▸ **Problem requirements**
For this listing, reproduce the line with "Roofers working around", the line with "Philippine flag waving", and the lines between, exactly as they stand. Leave out pictures and all other lines.
---------- Information ----------
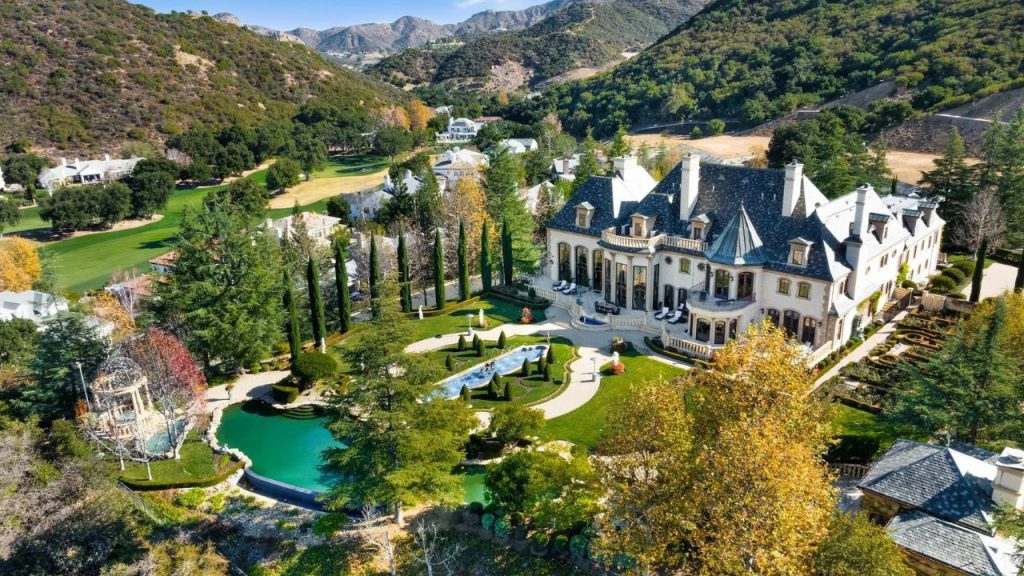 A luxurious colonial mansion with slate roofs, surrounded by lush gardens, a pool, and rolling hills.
----------
---------- Information ----------
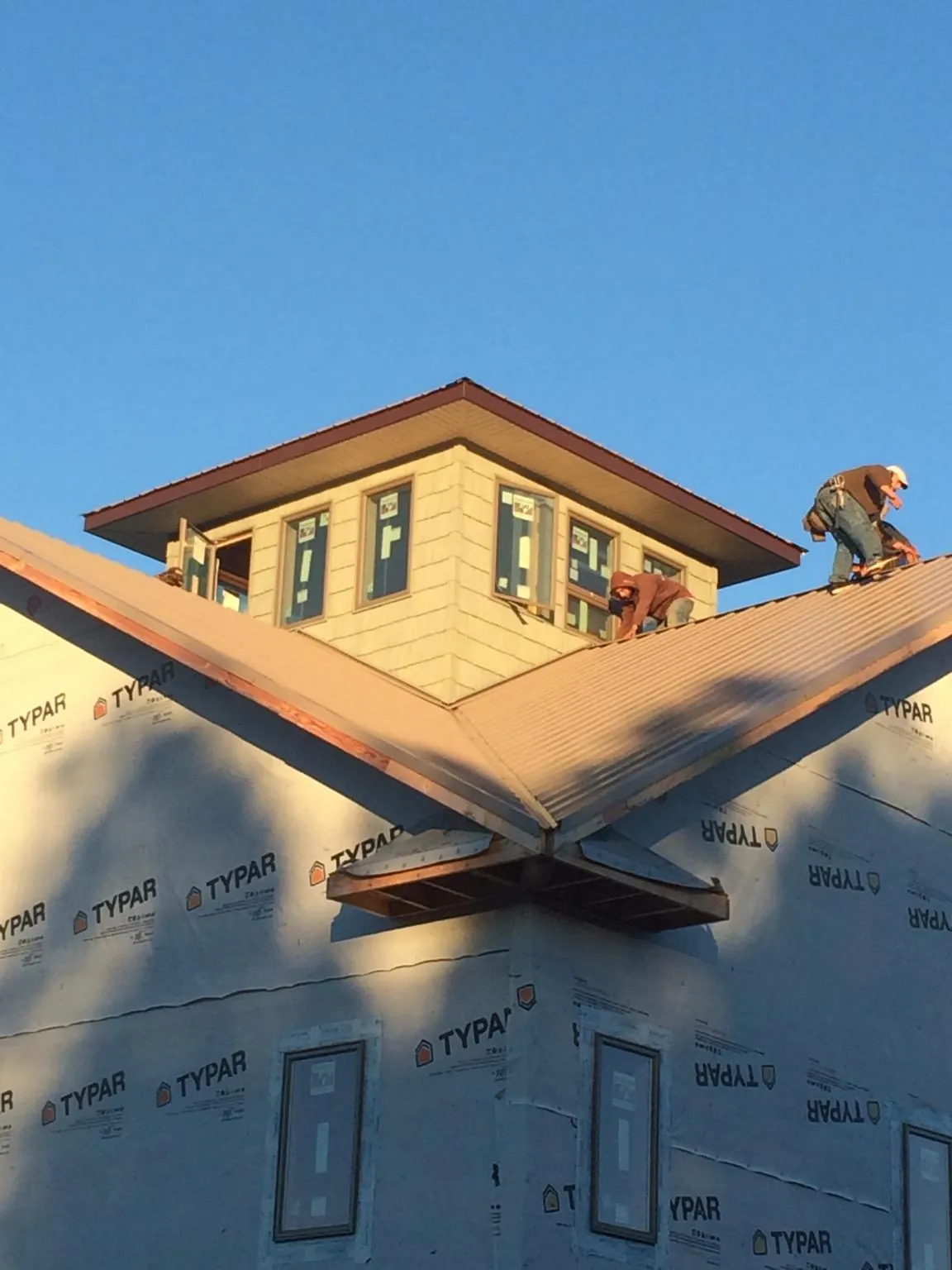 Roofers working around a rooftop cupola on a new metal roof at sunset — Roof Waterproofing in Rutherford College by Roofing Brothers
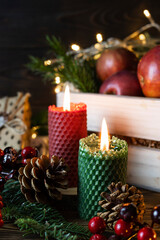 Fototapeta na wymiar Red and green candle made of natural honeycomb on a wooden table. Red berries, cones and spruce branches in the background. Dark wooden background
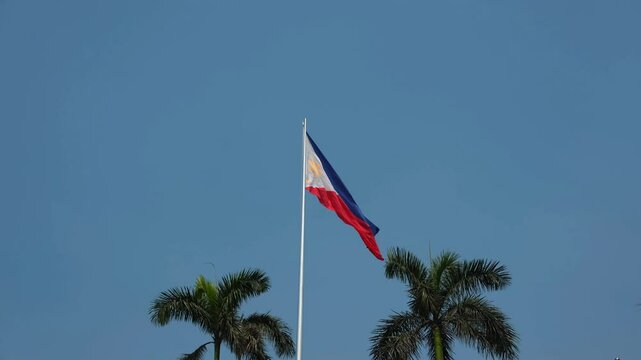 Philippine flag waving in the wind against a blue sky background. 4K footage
----------
▸ **Answer to this exercise**
 Roofers working around a rooftop cupola on a new metal roof at sunset — Roof Waterproofing in Rutherford College by Roofing Brothers
 Fototapeta na wymiar Red and green candle made of natural honeycomb on a wooden table. Red berries, cones and spruce branches in the background. Dark wooden background
 Philippine flag waving in the wind against a blue sky background. 4K footage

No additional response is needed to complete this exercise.